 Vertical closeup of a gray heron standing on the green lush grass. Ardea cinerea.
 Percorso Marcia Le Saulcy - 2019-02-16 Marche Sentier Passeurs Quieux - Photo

────────

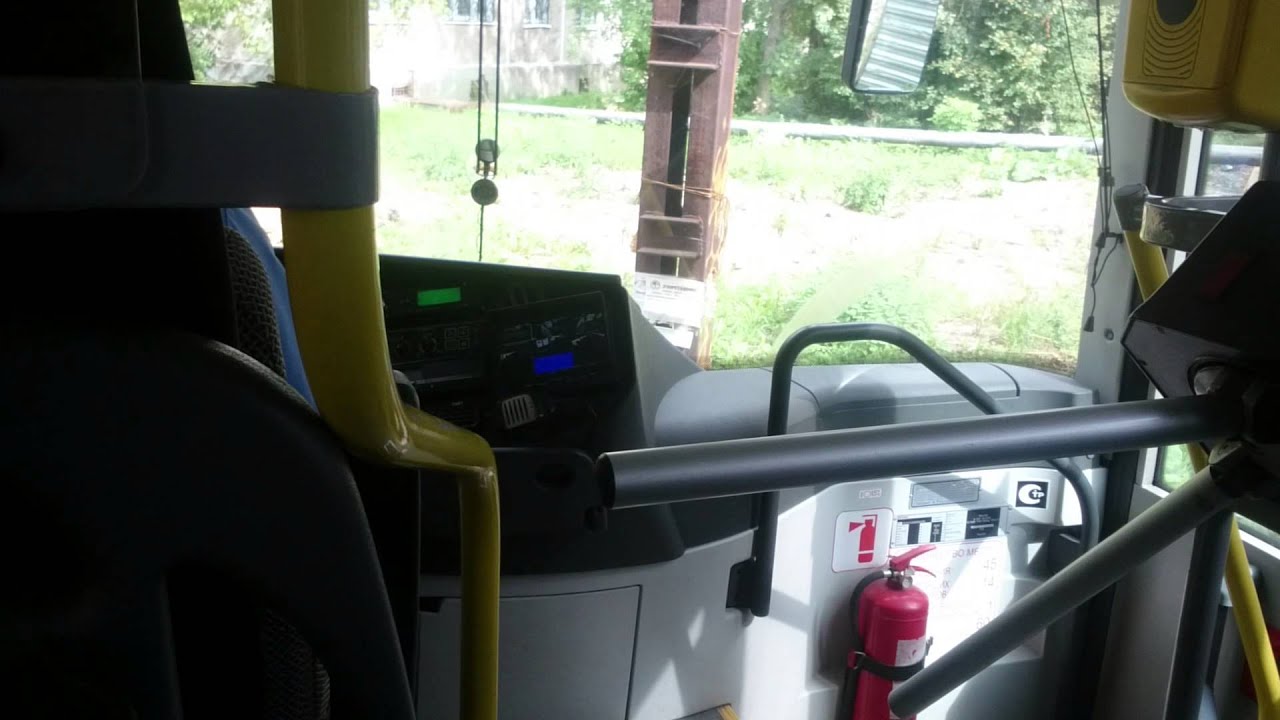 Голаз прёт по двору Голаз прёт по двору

────────

§ **YOUR GOAL**: Beginning at the line with "Vertical closeup of" and stopping after the line with "Percorso Marcia Le", please write out every line of the data above exactly and nothing else.

§ **SOLUTION TO THE EXERCISE**:
 Vertical closeup of a gray heron standing on the green lush grass. Ardea cinerea.
 Percorso Marcia Le Saulcy - 2019-02-16 Marche Sentier Passeurs Quieux - Photo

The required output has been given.